本書對納粹和蘇聯於1930-40年代在東歐進行的種族滅絕政策進行了詳細研究,在出版後,更引發了西方知識界就「應該如何認知大屠殺」的熱烈爭論。有人認為希特勒的種族滅絕政策是人類歷史上最特殊、也是最邪惡的事件,沒有其他事件能夠與之相提並論。將史達林與希特勒並列,其實就讓希特勒看起來沒有這麼特殊了,這無疑是一種洗白。再者,本書出版於冷戰結束以後,也有人認為強調過去蘇聯在東歐進行的種族滅絕,無疑是在本已充滿民族仇恨與衝突的東歐地區,重新點燃火藥庫。
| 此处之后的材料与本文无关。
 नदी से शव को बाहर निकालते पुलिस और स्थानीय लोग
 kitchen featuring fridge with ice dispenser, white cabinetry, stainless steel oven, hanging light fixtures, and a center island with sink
讀了這本書我才知道,原來直到今天的西方,還是存在一種盡量不要談論蘇聯大屠殺的「政治正確」禁忌;只有討論希特勒,才是安全的。
1930年代的烏克蘭大饑荒,是本書描寫的蘇聯種族滅絕政策的序幕,也是最重要的事件之一,也因為近日的烏克蘭戰爭而特別受到關注。現在常常聽到的「割韭菜」一詞,看似戲謔,但具體看到1930年代的蘇聯,如何訂定法律及透過國家機器,有系統的收割「烏克蘭韭菜」及各種細節,這實在是很可怕的文字。再者,本書花了許多篇幅,考證1930-40年之間,烏克蘭人口逐年降低的可靠統計數據,光是1933年之前,死於饑荒的烏克蘭人便有300萬左右,而到了1937年,這個數字可能更高達800萬。書中引用了「種族滅絕」(genocide)這個概念發明者、國際法律師Raphael Lemkin的話「烏克蘭是蘇聯進行種族滅絕的典型案例」。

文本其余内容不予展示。